Exercise inputs below:
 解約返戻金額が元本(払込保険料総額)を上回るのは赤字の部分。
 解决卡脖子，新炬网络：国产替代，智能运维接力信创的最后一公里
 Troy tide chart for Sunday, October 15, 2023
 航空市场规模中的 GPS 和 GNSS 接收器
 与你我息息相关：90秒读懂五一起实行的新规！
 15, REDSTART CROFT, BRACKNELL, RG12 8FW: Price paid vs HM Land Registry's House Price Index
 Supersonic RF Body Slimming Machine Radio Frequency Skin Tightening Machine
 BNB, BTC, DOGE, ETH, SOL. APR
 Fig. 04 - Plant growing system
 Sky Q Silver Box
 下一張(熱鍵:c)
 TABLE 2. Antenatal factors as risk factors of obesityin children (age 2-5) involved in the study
End of Exercise inputs.
• **About this exercise**:
Go through the records and print each one exactly.

• **Finished task**:
 解約返戻金額が元本(払込保険料総額)を上回るのは赤字の部分。
 解决卡脖子，新炬网络：国产替代，智能运维接力信创的最后一公里
 Troy tide chart for Sunday, October 15, 2023
 航空市场规模中的 GPS 和 GNSS 接收器
 与你我息息相关：90秒读懂五一起实行的新规！
 15, REDSTART CROFT, BRACKNELL, RG12 8FW: Price paid vs HM Land Registry's House Price Index
 Supersonic RF Body Slimming Machine Radio Frequency Skin Tightening Machine
 BNB, BTC, DOGE, ETH, SOL. APR
 Fig. 04 - Plant growing system
 Sky Q Silver Box
 下一張(熱鍵:c)
 TABLE 2. Antenatal factors as risk factors of obesityin children (age 2-5) involved in the study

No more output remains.